▶ **Exercise brief**
Scan the entries below. List each line with "Women".

▶ **Crawled caption data**
· · · ·

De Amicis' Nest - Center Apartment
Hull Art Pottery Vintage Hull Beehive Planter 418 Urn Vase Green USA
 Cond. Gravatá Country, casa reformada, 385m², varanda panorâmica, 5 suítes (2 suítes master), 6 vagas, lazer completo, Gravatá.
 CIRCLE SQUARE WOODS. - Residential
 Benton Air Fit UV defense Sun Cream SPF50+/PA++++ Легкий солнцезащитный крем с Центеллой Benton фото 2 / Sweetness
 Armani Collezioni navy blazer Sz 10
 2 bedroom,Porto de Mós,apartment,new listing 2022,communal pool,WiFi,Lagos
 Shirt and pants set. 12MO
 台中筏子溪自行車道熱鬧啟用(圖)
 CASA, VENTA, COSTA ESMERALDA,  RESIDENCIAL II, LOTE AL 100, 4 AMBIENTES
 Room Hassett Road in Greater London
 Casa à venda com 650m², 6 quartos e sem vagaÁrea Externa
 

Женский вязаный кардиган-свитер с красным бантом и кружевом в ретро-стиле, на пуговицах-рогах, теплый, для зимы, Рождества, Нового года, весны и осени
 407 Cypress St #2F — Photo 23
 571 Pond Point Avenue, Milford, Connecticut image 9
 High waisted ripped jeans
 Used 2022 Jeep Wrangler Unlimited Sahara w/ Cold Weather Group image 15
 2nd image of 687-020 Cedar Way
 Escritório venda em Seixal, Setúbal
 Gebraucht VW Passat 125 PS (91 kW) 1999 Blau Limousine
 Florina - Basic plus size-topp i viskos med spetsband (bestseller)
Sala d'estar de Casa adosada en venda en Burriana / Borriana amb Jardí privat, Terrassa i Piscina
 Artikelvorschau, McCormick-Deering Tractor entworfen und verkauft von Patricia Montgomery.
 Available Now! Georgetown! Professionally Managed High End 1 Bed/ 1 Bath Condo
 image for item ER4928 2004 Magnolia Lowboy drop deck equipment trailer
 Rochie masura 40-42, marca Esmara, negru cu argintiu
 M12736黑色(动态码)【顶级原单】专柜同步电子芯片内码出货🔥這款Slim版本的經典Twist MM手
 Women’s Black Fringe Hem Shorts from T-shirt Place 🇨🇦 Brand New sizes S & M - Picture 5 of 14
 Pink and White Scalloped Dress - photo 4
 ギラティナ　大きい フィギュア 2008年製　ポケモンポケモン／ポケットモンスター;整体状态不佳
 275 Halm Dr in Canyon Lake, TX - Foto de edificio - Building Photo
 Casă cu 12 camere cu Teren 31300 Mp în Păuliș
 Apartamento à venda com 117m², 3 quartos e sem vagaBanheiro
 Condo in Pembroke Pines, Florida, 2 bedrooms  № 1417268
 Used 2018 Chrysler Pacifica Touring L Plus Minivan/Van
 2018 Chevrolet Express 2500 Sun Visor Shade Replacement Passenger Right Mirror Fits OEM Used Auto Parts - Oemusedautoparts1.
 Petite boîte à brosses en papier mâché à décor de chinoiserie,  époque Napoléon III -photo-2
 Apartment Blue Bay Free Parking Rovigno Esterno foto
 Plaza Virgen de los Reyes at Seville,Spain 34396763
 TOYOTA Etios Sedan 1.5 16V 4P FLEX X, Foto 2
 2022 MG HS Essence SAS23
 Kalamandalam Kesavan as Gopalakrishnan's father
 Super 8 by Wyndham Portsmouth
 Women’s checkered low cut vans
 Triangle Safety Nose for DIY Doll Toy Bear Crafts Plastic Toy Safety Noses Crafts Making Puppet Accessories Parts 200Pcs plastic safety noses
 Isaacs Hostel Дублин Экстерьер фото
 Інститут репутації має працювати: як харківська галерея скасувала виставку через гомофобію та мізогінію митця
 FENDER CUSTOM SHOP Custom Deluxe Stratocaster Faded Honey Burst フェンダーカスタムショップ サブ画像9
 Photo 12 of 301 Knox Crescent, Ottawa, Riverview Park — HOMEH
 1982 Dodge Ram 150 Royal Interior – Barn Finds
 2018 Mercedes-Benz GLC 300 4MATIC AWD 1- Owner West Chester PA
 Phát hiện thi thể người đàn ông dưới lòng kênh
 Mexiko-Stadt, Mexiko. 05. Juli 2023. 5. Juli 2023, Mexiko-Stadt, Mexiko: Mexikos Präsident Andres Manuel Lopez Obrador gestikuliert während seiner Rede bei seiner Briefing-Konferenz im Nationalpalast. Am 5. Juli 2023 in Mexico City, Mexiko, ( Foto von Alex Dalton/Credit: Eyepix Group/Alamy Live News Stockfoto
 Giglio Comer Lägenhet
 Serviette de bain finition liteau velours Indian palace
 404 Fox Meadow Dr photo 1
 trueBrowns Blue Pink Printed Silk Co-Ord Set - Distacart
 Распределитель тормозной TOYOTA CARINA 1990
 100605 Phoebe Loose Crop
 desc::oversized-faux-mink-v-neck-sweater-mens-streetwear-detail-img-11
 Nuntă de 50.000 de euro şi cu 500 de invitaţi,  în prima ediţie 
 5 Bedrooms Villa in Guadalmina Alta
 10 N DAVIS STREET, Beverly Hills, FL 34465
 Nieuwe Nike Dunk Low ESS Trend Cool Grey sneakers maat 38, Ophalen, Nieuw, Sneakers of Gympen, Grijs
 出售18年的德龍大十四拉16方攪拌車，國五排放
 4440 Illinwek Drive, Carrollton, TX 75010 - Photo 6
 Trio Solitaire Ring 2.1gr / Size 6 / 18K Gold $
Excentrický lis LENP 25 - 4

· · · ·

▶ **Solution below**
 Women’s Black Fringe Hem Shorts from T-shirt Place 🇨🇦 Brand New sizes S & M - Picture 5 of 14
 Women’s checkered low cut vans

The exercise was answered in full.